Namun, hanya sehari setelahnya
mereka mendatangkan pemabuk licik yang tinggal di ujug timur kampung. Pemabuk
licik itu mengancam, kalau pasal tentang kebaikan dan kepemimpinan orang baik
tidak dihapus ia akan menjadi separatis—tak mau bergabung dengan kampung itu.

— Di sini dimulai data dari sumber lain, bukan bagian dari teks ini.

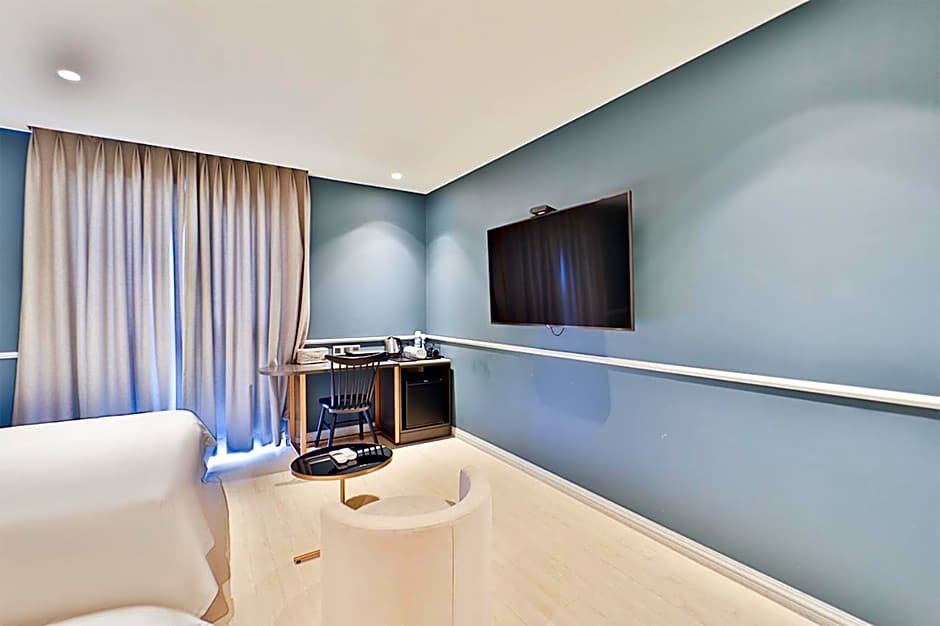 Brown Dot Hotel Ulsan Samsan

Maka para pemabuk lainnya membujuk,”Ayolah, sementara kita hapus pasal itu. Toh
hanya tujuh kata. Yang penting ujung timur kampung tak sampai lepas, persatuan
harus kita dahulukan.”
Salah satu orang baik bersikukuh
tak mau mengubah kesepakatan itu. Baginya itu gentlemen agreement yang tak boleh seenaknya dicabut. Namun para
pemabuk meloboi dia melalui kerabatnya .
Dengan janji kelak pasal kebaikan akan dicantumkan lagi setelah pemabuk licik
tenang , akhirnya orang baik itu setuju tujuh kata bahwa kebaikan berlaku di
kampung itu dihapus.
Setelah
itu para pemabuk ingkar janji. Mereka berkuasa di kampung dan tak mengindahkan
kebaikan. Tak cukup sekedar itu, mereka mulai menghalangi orang baik melakukan
kebaikan. Mereka tak puas sebelum semua orang jadi suka mabuk.
Minum Sosial
Orang-orang baik di kampung
sulit air ada beberapa golongan. Ada yang teguh pendirian, tak mau mabuk atau
bahkan sekedar menyentuh khamr. Namun ada juga yang sesekali mau ikut minum
anggur, mereka berkilah bahwa mereka drink
socially—minum sedikit untuk menghormati kalangan yang suka mabuk. Toh
tidak sampai mabuk.
Setelah dua generasi, golongan drink socially mulai menjadi pemabuk.
Namun mereka masih mengaku sebagai orang baik-bik. Meski ayah dan kakek mereka
tak pernah minum sampai mabuk, mereka dengan bangga menenggak wine atau wiski
dan mengutip pepatah latin in vino
veritas.
Lalu datanglah saat pesta
oplosan, momen terbesar dalam ritual para pemabuk. Kini para pemabuk tak perlu
menipu atau memaksa orang-orang baik
untuk minum. Anak-anak mereka yang telah menjadi pemabuk menjalankan tugas itu.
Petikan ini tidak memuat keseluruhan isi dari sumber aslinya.